Unheard Kurt Cobain recordings to be released

Brett Morgen.

NEW YORK • Even after eight years of contemplating Kurt Cobain for an authorised documentary, writer and director Brett Morgen had trouble closing the vault.

Following the premiere this year of Kurt Cobain: Montage Of Heck, for which Morgen listened to more than 200 hours of tape from the tortured Nirvana singer's archives, he decided the movie was not the end of the story he hoped to tell.

More selections from that lot are being released as a somewhat unorthodox soundtrack. Montage Of Heck: The Home Recordings, coming out on Friday from Universal, consists of lo-fi song sketches, goofy skits and bedroom noodling.

Playful yodelling and experimental sound collages can be heard amid demos of Nirvana songs such as Sappy and Frances Farmer Will Have Her Revenge On Seattle.

At one point, Cobain stops playing to answer a call and take a message for his girlfriend at the time.

In addition to a 13-track CD version and a double LP on vinyl (out next month), a boxed set includes a 31-track deluxe edition, the film (on Blu-ray and DVD), a cassette of the soundtrack, a hardcover book, a puzzle (with collectible storage container), a poster, postcards and a bookmark.

In 2007, Courtney Love, Cobain's widow, had granted Morgen full access to the archives - most notably 108 untapped cassettes of home recordings that were initially vetted by Cobain's sister, Kim.

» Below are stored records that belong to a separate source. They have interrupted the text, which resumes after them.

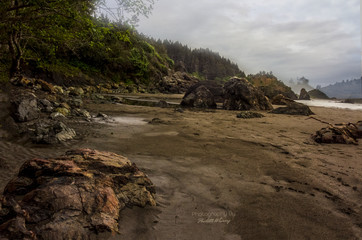 Redwood trees & rocky cliffs, frame Northern California beaches. Golden sand with pools of water scattered in different spots on the beach.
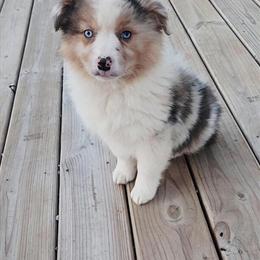 Merle Australian Shepherd Male Ready for Forever Home in Indianapolis, in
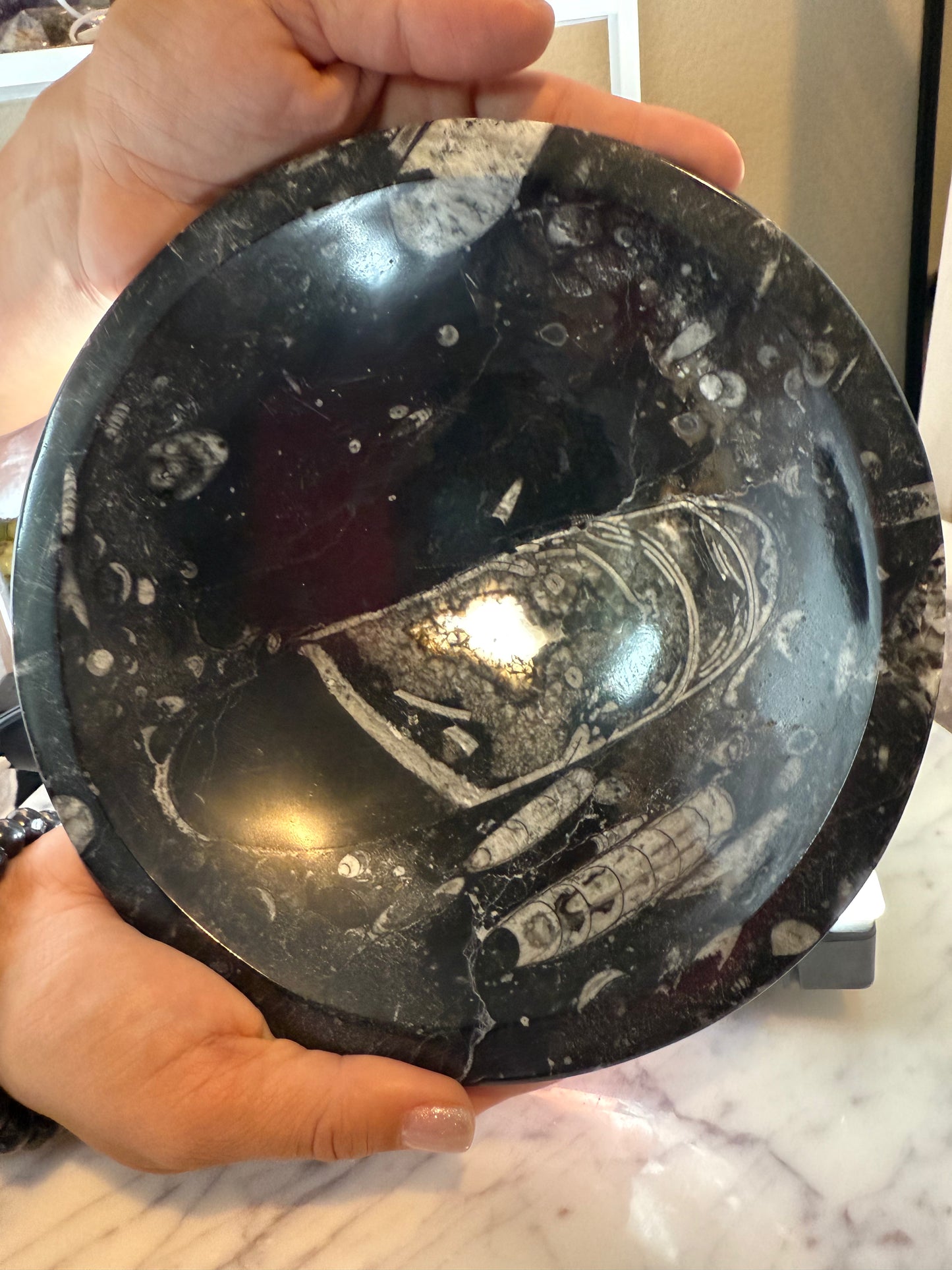 Orthoceras Bowl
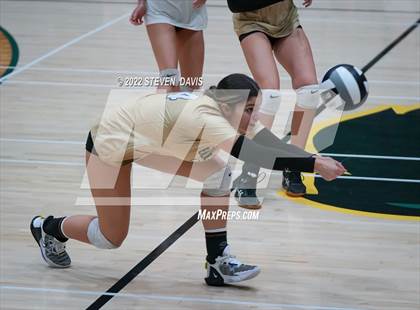 Thumbnail 2 in Queen Creek @ Basha photogallery.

Some of that material made the film, including a spoken-word piece in which Cobain details his early suicidal thoughts and a cover of The Beatles' And I Love Her.

Manna from heaven for some completist superfans, the collection has been viewed less charitably by others, who question the holidayseason arrival of recordings that were never intended to see daylight.

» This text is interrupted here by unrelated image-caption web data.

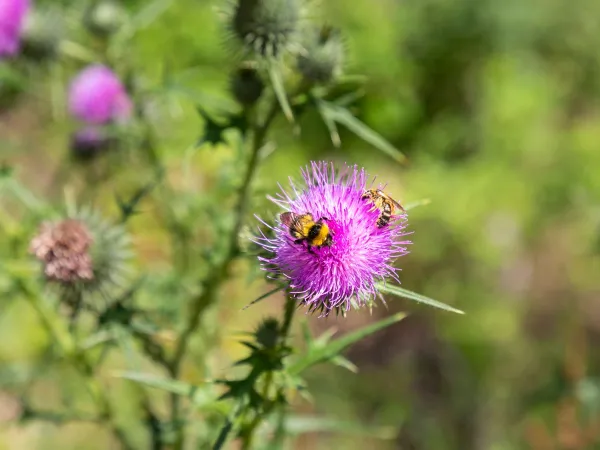 Biodiversity in the surroundings of Roan camping Birkelt.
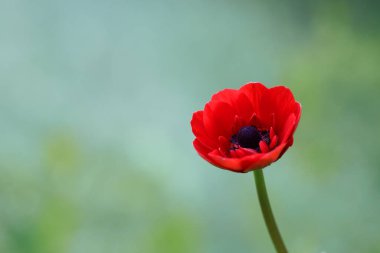 Bahçemden güzel çiçekler, güzel görünüyorlar ve güzel kokuyorlar.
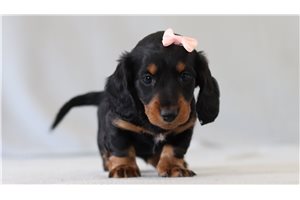 Pansy - Tweenie Dachshund for sale
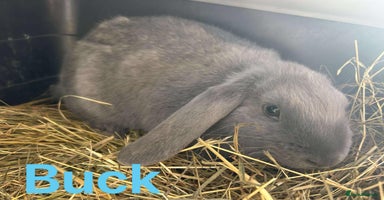 French Lop rabbits Lop buck babies. Ready now - Advert 1
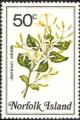 Colnect-2167-362-Jasminum-volubile---Stiff-jasmine.jpg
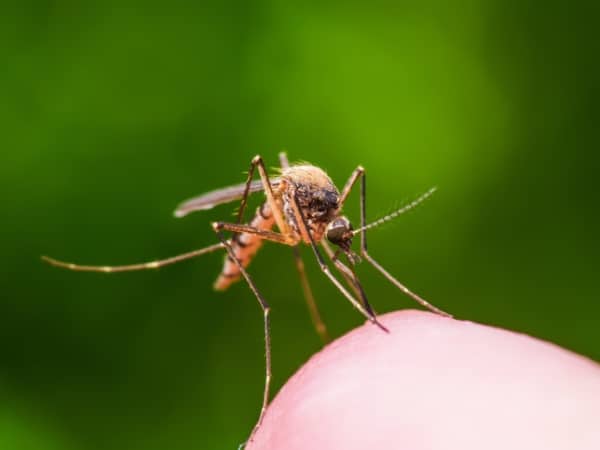 Dengue En El Valle Del Cauca 1.jpg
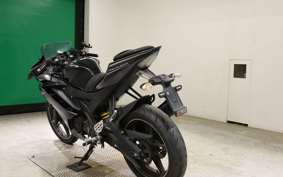 YAMAHA YZF-R15 2019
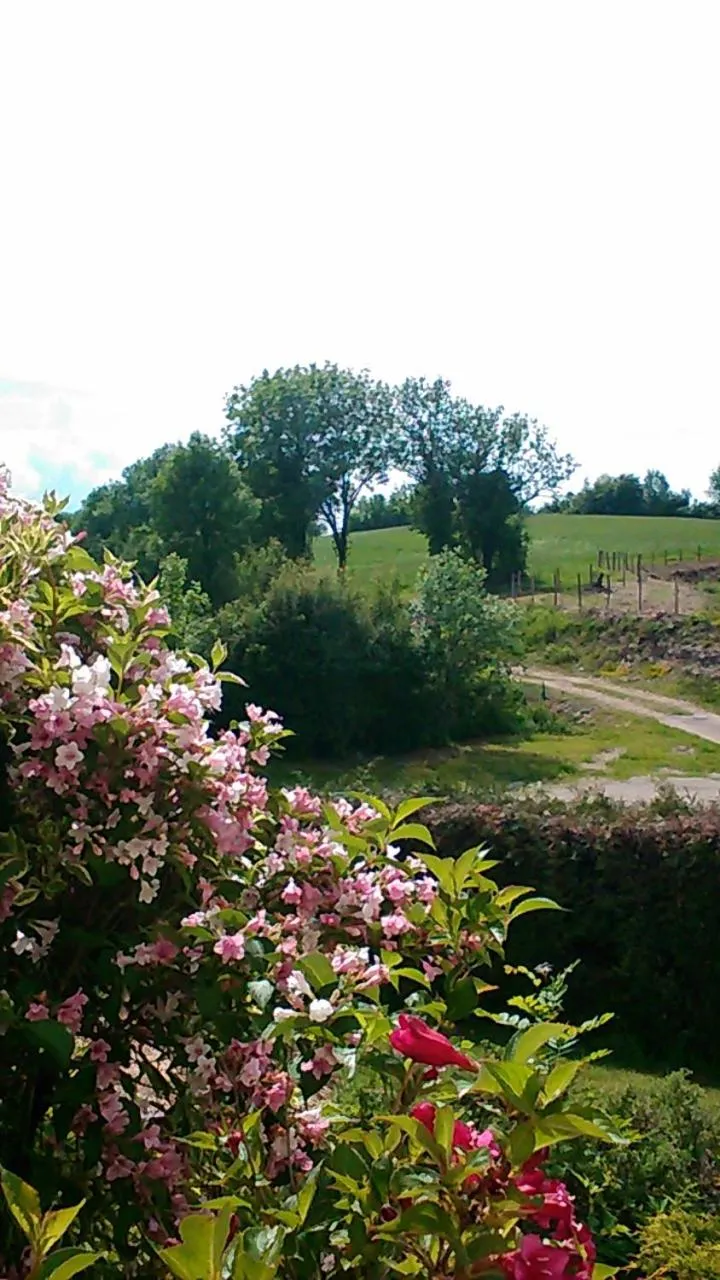 Natural landscape in Chambre d'hôtes Comme une évidence Clairvaux-les-lacs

"This home recordings album is going to do more to destroy Kurt Cobain's legacy than build it," one rock critic on Twitter wrote. "Imagine someone secretly taped you singing songs to your pets & then released it as a 2xCD."

But Morgen bristled at any suggestion of exploitation, framing the project instead as necessary historical archiving.

"I believe there is tremendous public interest in exploring how great art is created," he said. "We look at manuscripts, we explore how Leonardo da Vinci arrived at his final creations. I think Kurt is a profound and incredibly important artist."

He said it was ultimately Cobain's daughter, Frances Bean Cobain, who had final say.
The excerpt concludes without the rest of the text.